The site resides on SourceForge, here:
Because SourceForge doesn’t have any kind of blogging mechanism, I’m using WordPress to keep my custom tool sets to a minimum of this project.
At the moment I’m finishing documentation and the addition of the final SQL tables that add the data center and advance service and package concepts. REM had already been successfully tested on a functioning system, but I have since added automated persistence for databases and storage now, and wanted to expand it to include a “home cloud”, where all non-cloud machines, whether virtualized or raw hardware, are treated the same way that a machine instance from a cloud vendor, like Amazon’s EC2, is treated.

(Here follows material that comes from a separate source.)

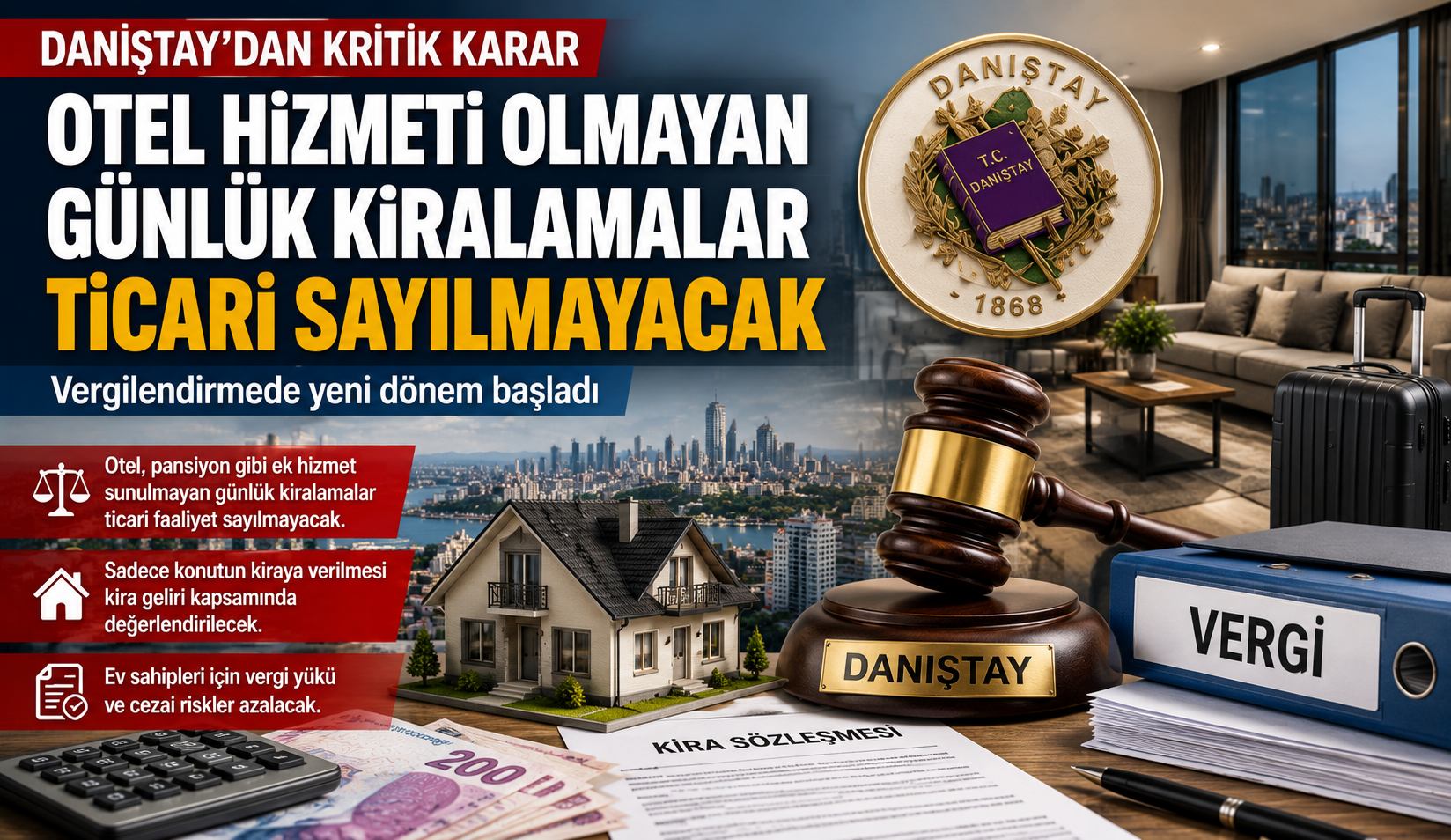 Günlük Kiralık Evlerde Vergi Tartışmasına Nokta Danıştay Emsal Kararı Açıkladı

This design is now present and documented in the URL listed above, the schema has been designed and my next steps after finishing writing the basic documentation is to merge the new schema in and wrap it up in the API code and basic web pages.
Parallel to this I’m building a cloud-only EC2 install to start building a full matrix of possible failures for this system, so that I can write tests to trigger each machine/system failure, and ensure that REM covers the system properly. Fail tests would include writing bad data into configuration files, doing the same and restarting the services, writing random data over storage volumes, or critical kernel modules, deleting database tables, filling up the partition, changing permissions on log files, and all other unique failure conditions that can occur.
Once this matrix has been designed, I will put the REM installation through its paces and find which areas are already functioning resiliently and which are broken, and start writing the code to handle the broken cases.
I hope to get this in hand over the next couple of weeks, but the next day or two I’ll be finishing up the basic documentation which will also serve as the living design document.
If anyone is interested in this project, I’m not looking for coding support at the moment, as too many design aspects are still in swing. I could definitely use experienced opinions on anything that catches your eye as a logic flaw, gap in the design, or missing failure case.
This project will be considered Beta when I have a comprehensive set of documentation, an ISO and EC2 AMI image that will kickstart a REM installation, and the failure matrix well-populated any fully tested with the initial REM packages.
The REM installation will consist of a Apache web server pool, with a MySQL backend, a postfix mail server, an NFS server to share static content between the Apache servers, and a syslog server. The basics of a functioning internet presence.
When this can be tested for failures resiliently, then it is a matter of getting enough positive feedback to leave Beta.